Como todos estes sintomas estão vinculados às situações do equilíbrio espacial do indivíduo, o paralelo não poderia ser diferente. Pode existir internamente uma falta de harmonia com  relação ao que o indivíduo sente, necessita ou quer conquistar; uma desconexão entre os propósitos e as ações ou falta de sintonia com seus desejos e escolhas. A dúvida entre escolhas polares, esse ou aquele, também pode estar associado as vertigens pelo entendimento da psicossomática.
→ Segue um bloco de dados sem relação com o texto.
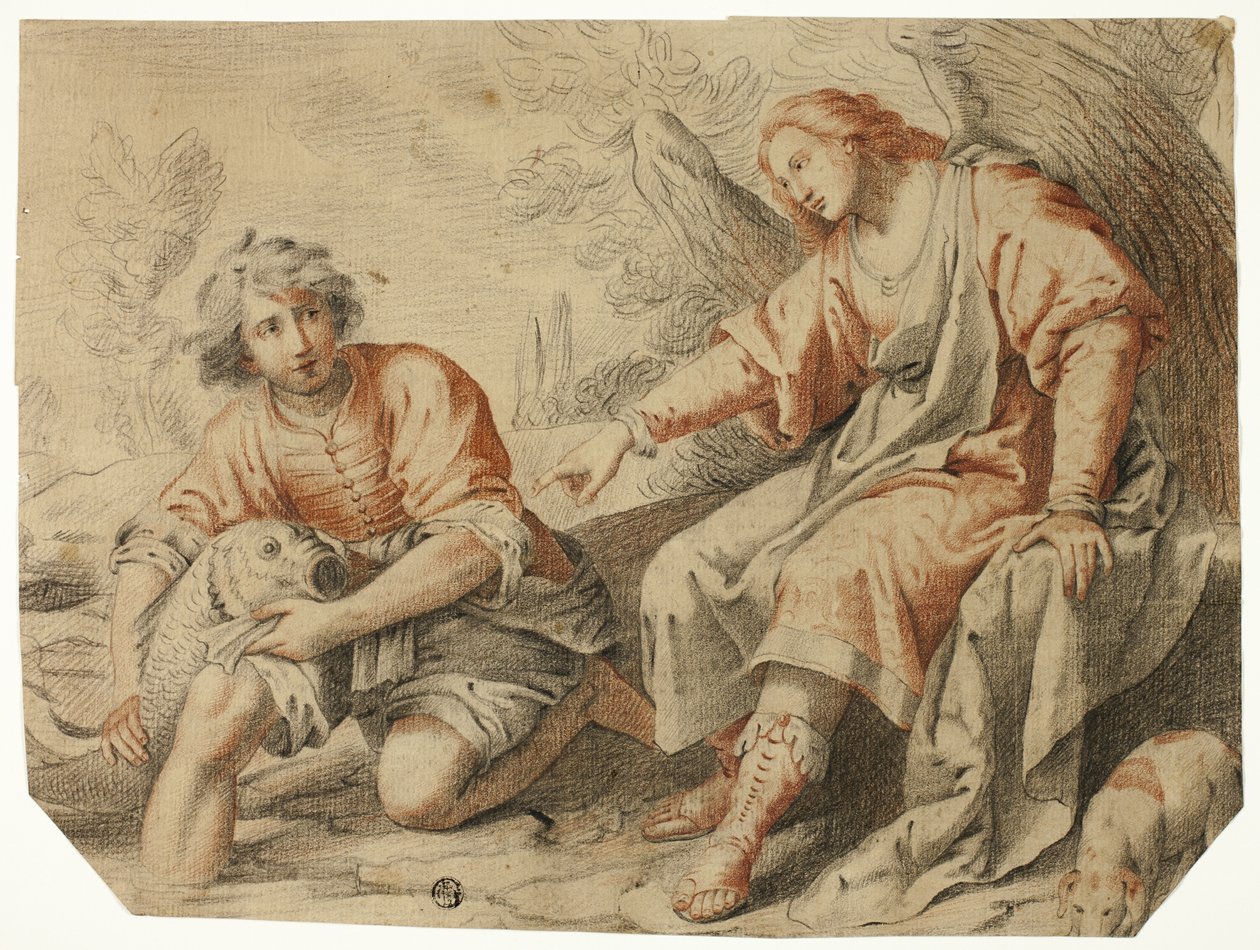 Tobias och ängeln av Matteo Rosselli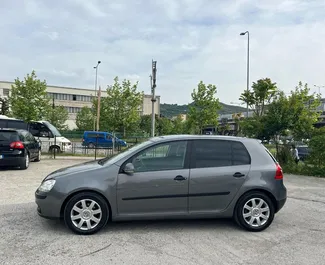 Car Hire Volkswagen Golf #4470 Automatic in Tirana, equipped with 1.9L engine ➤ From Skerdi in Albania.
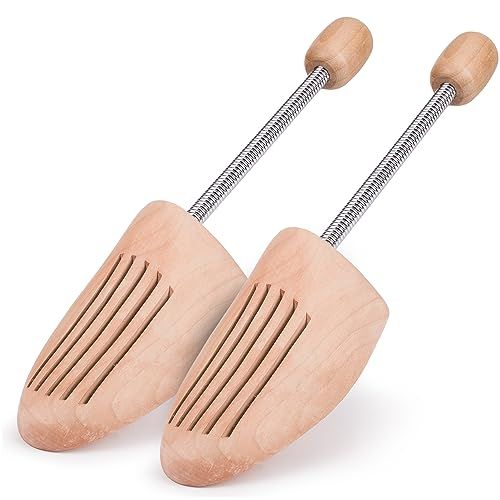 SULPO 1 paire embauchoirs à chaussures - Bois naturel - Forme pour bottes - Embauchoirs cedre pour femmes et hommes - Embauchoirs en 5 tailles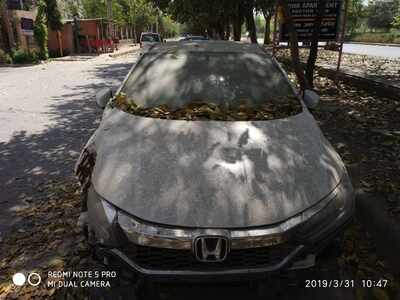 Abandoned car - Times of India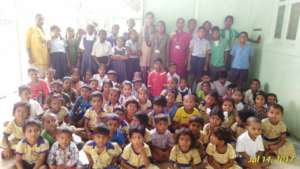 Children at the Stepping Stones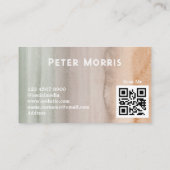 Minimalistischer QR-Code für neutrales Ton Berufli Visitenkarte (Rückseite)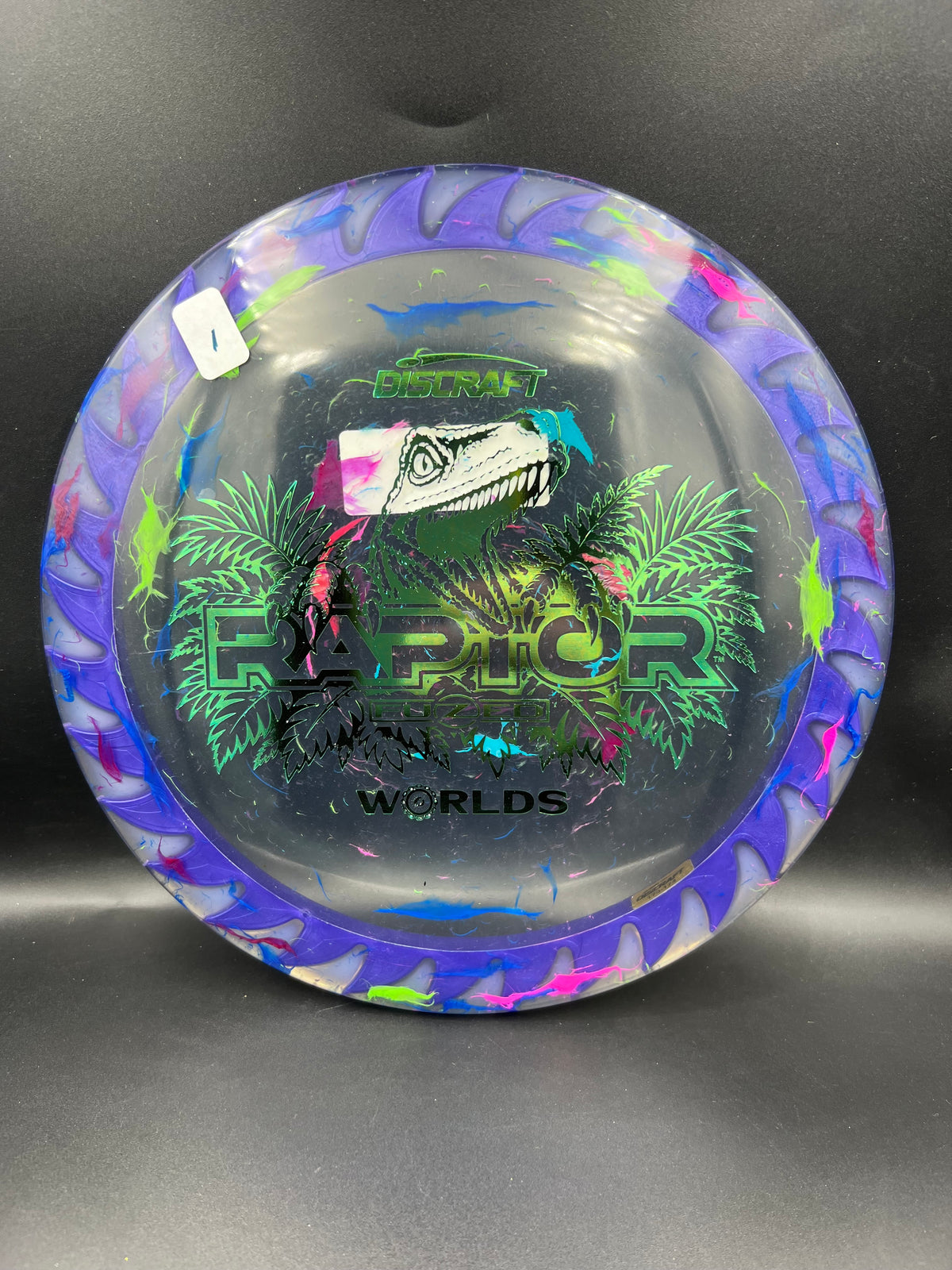 Discraft 2026 Worlds Jawbreaker Z Flx Fuzed Raptor Purple Green (1) - 173g-174g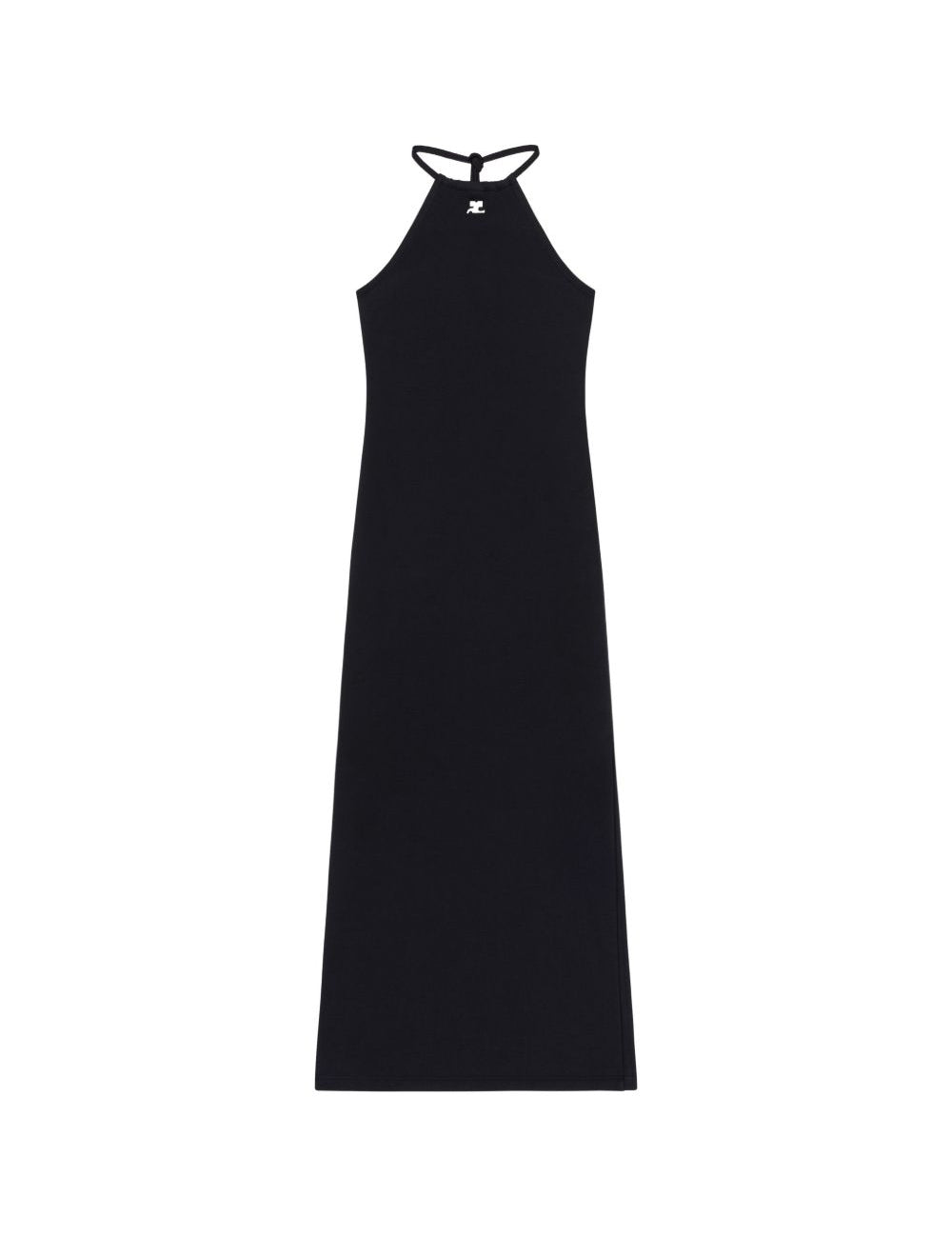 Abito midi con logo in nero Courrèges - donna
Quando o indivíduo tem dúvidas paralisantes a respeito de duas situações, o único movimento possível aparentemente é “rodar” de um ponto ao outro.

Essa relação é tão vaga quanto são inúmeras as possibilidades de realizações e decisões de acordo com a singularidade de cada indivíduo e a partir do que a vida possibilita. Mas parece haver um fundamento nessa sugestão da psicossomática.

Somente com tempo e dentro de um processo de auto-conhecimento é possível identificar as motivações e as posturas que adotamos como normais ou “automáticas” no dia-a-dia. Entender porque paralisamos diante de algumas escolhas e acessarmos o cerne do que nos paralisa é um excelente caminho para voltar a fluir com a vida escolhendo o que é natural ou pertinente à nós.

Informações importantes:
. Florais não são medicamentos, são remédios para o autocuidado, de uso livre e sem efeitos colaterais (OMS).
. As essências florais trabalham pelo equilíbrio emocional e mental dos indivíduos, atuando no corpo físico por conseqüência desta harmonia;
. O tratamento com florais não substitui tratamentos médicos tradicionais ou vice-versa.
. As essências florais são melhor aproveitadas dentro de um tratamento terapêutico, embora a sua utilização circunstancial seja de grande benefício.
. Nunca interrompa um tratamento médico sem a anuência do seu médico.